▸ **Task statement**:
Look through the data below and output, unchanged, every line from the one holding "Holly Willoughby Fans" through the one holding "ProConsumidor deposita ofrenda", inclusive. Skip the pictures.

▸ **Input for this task**:
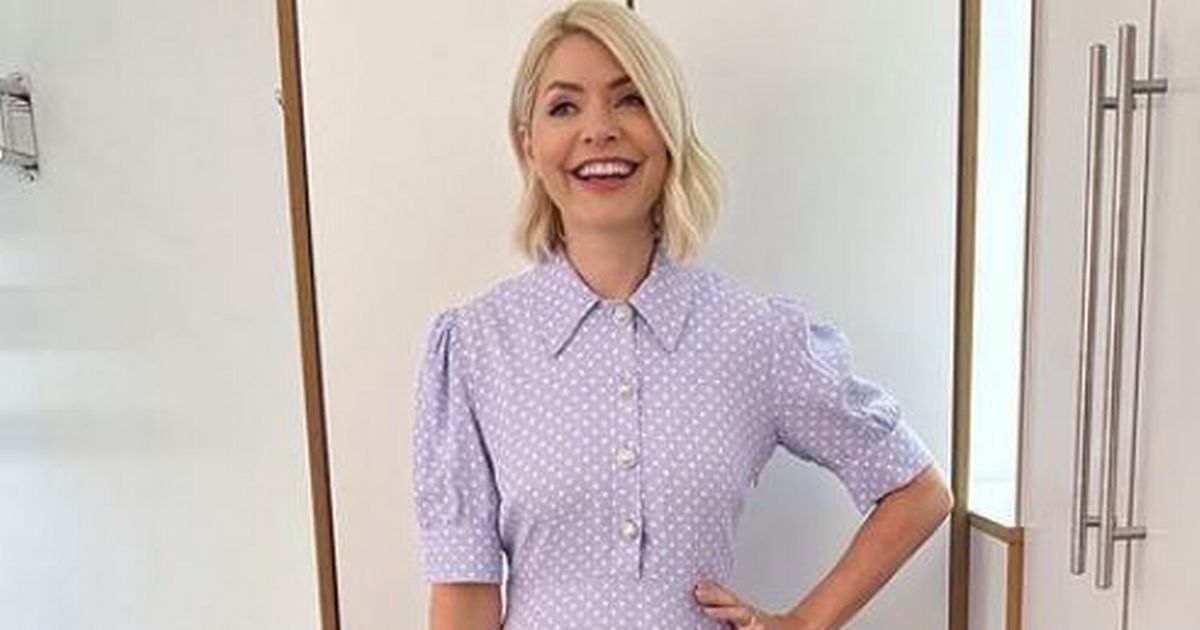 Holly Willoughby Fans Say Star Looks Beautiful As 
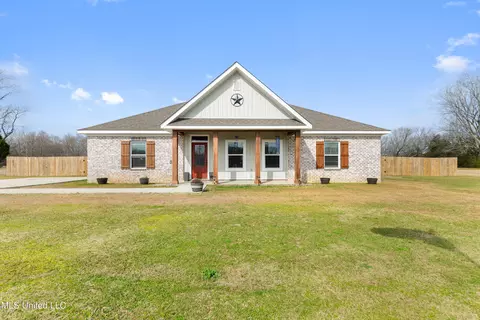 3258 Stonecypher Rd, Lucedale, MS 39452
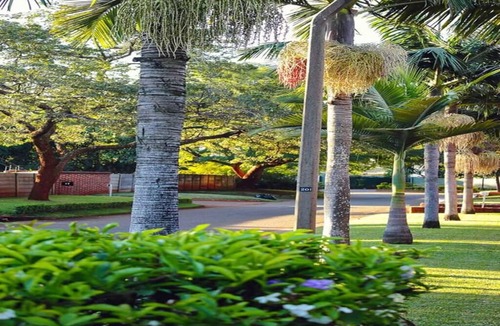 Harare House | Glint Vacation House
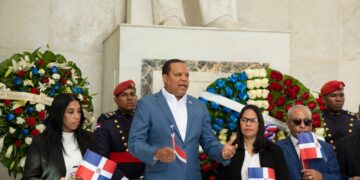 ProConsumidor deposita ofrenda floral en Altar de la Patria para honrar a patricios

--

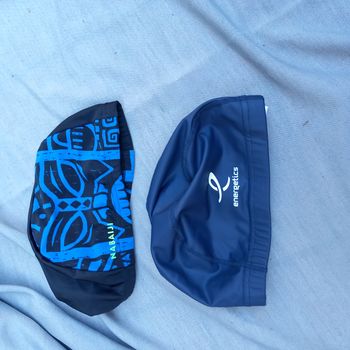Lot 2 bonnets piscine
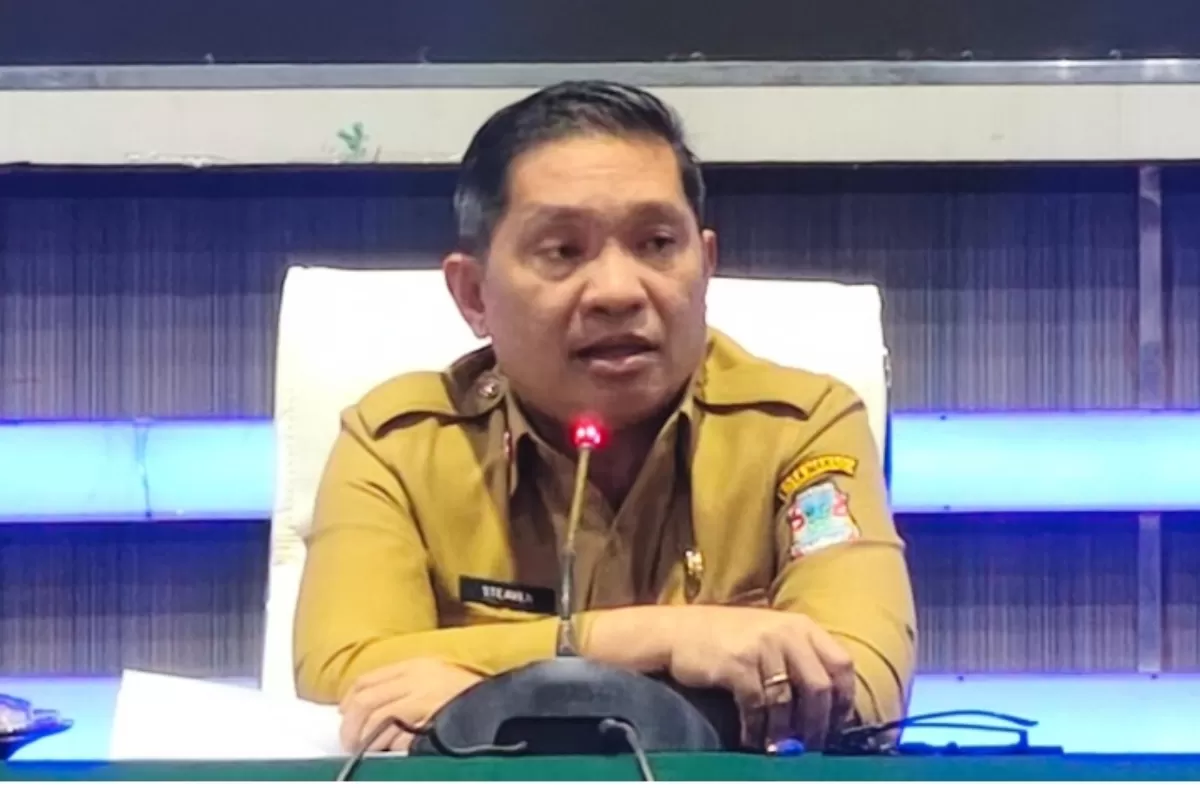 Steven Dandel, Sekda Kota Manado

▸ **Exercise solution**:
 Holly Willoughby Fans Say Star Looks Beautiful As 
 3258 Stonecypher Rd, Lucedale, MS 39452
 Harare House | Glint Vacation House
 ProConsumidor deposita ofrenda floral en Altar de la Patria para honrar a patricios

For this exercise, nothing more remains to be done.